I can understand, given the SPAR model, why you need someone in that role, someone who’s not necessarily caught up in a lot of the Group Exco-type stuff, and actually has the ability to really engage with the retailers. 

So how do you win back that loyalty? Is it just a case of winning back trust, and just making sure mistakes don’t happen again? Is there more to it than that? How should investors think about that?

Reeza Isaacs: Look, KZN is a really important and a crucial reason for us. The SAP disruption has been significant and as I mentioned; we’re still dealing with the fallout of that. The team is rebuilding trust every day through their interactions with the retailers, tranSPARent communication, targeted investment in logistics. 

We’ve reconstituted the team. We’ve got a new head of retail operations in place (a very experienced individual); a new head of merchandise (he’s come from North Rand), and a new head of finance. So there are still some challenges in KZN from an operational perspective, but we’re working very, very closely with our retailers to get their service levels back up to where it was.

Historically, loyalty levels were below national levels. And that is just given the particular dynamic in KZN. And we need to get that loyalty level up by at least another 300 basis points in KZN. 

And just to remind everyone: our DCs outside of KZN are actually performing really well. They’re at the 80% average loyalty in South Africa. So again, we talk about outliers and the bad news, but just a reminder, at its heart, we still have 80% loyalty in this group.

The Finance Ghost: Yeah, exactly. At the core of this thing is a business that deserves to do well and hopefully will in the years to come. 

Speaking of doing well, let’s deal with some of the growth engines in the group as we start to move towards the end of the podcast.

So, there are some green shoots in your story. I know the pharmacy business, for example, is one of them. We’re seeing that your major competitors are incubating businesses that have really got very little to do with groceries.

So clothing is an example.

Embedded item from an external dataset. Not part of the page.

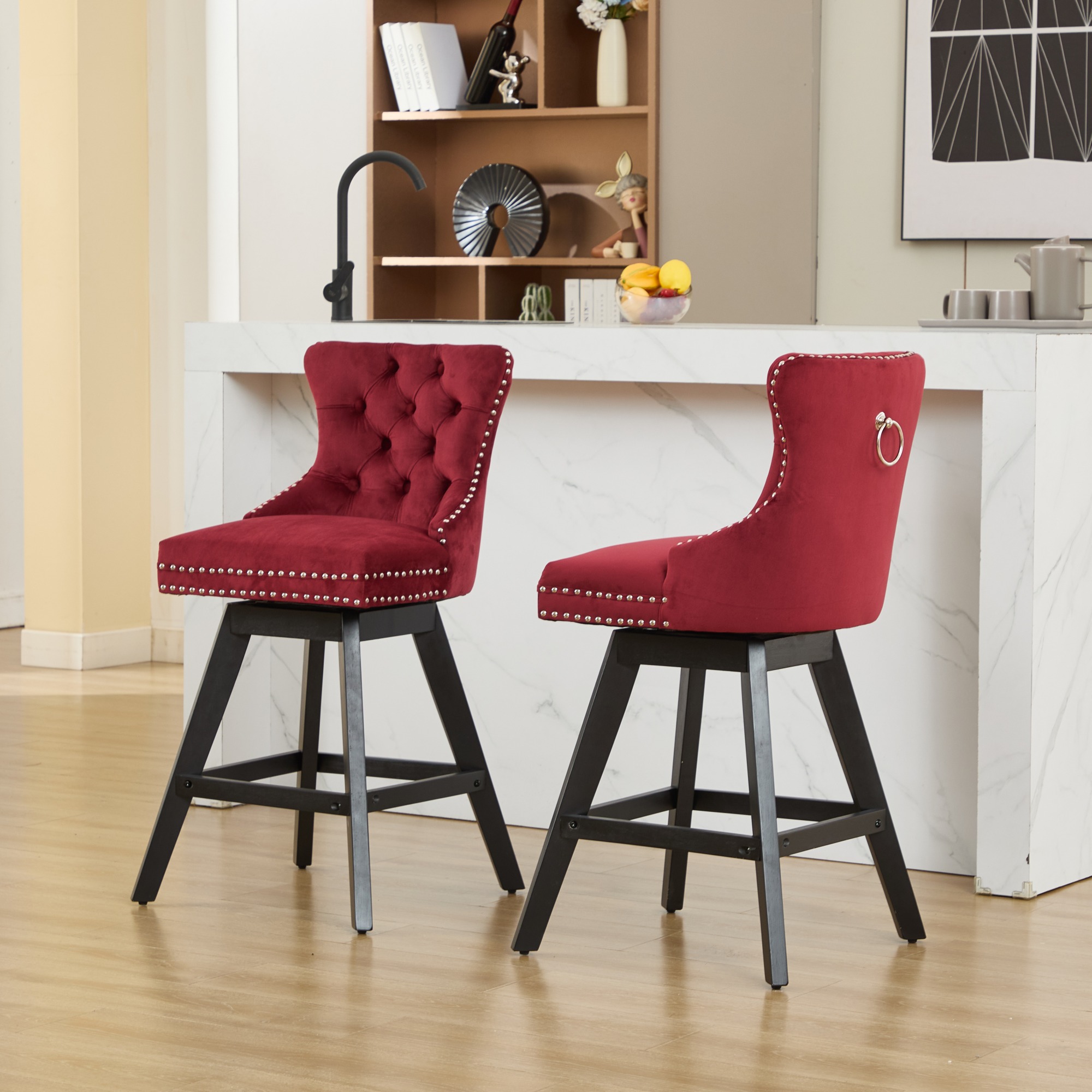 Swivel Velvet Barstools With Button Tufted Decoration And Wooden Legs, And Chrome Nailhead Trim, Leisure Style Bar Chairs,Bar Stools, Set Of 2 Wine Red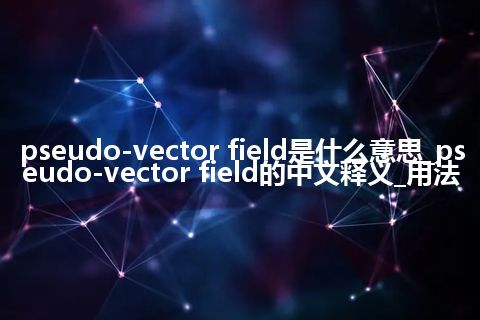 pseudo-vector field是什么意思_pseudo-vector field的中文释义_用法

Pet care seems to be a real battleground. There’s a lot going on at Woolworths and Shoprite specifically around that.

In the clothing space, obviously Pick n Pay has been pretty strong historically, and Shoprite’s starting to take that fight to them.

There’s a lot of stuff going on outside of just traditional Grocery and Liquor, and the way that business works at SPAR. Let’s talk about some of these other growth engines.

Do you think you’ve got the bandwidth, bluntly, to actually fight for market share? Because you’ve got a lot to focus on in the core business. I guess that’s the reason I ask the question. 

There’s a lot of work to do in your day-to-day stuff. Build it, that’s another big part of your group. Do you have the ability to really win share in these spaces?

Reeza Isaacs: I certainly believe that we do. In the adjacencies like pharmacy, like pet. And then if you look at a category level – coffee, wellness – the trends around these subsets of retail have been really good.

So we’re in a constrained economy, it’s good to go after these particular areas – and we will be targeted – we are not going to be everything to everyone. We are going to help retailers pick their battles very, very carefully. 

And we’re going to rely on our core strength – which is wholesale and distribution – and do it in these particular subsectors, which will enable retailers to grow the pet business. 

We’ve got Petshop Science in Checkers; we’ve got Absolute Pets in Woolies. It was a massive trend post Covid. There are good subsectors. There’s quite a bit of formalisation to happen in that particular space. 

The pharmacy space is very, very competitive. But there is a role, like there is a role independent retailers, there’s still a role for independent pharmacy businesses, and we can support those businesses in their growth ambitions.

The Finance Ghost: So Reeza, maybe just a final point then, that I think is worth just touching on, really just for investors listening to this.

I guess the story is: do they believe that things can just be steadied (nothing can turn around until it’s actually steady)? And I do think that the worst is behind the business. There have been so many challenges at SPAR. It feels like at some point, it just will run out of huge problems, and I like to think that it’s there.

The question then is, how are you moving the needle and the big initiatives? 

So if you wanted to leave investors with, not necessarily an elevator pitch, but maybe just the key points that you really want them to take out of this in terms of where you believe the story can go.

The “good news story” of SPAR, I mean you’ve spoken to the extent to which there’s a good business underneath all of this and I agree with that. I do think that SPAR’s market position remains interesting.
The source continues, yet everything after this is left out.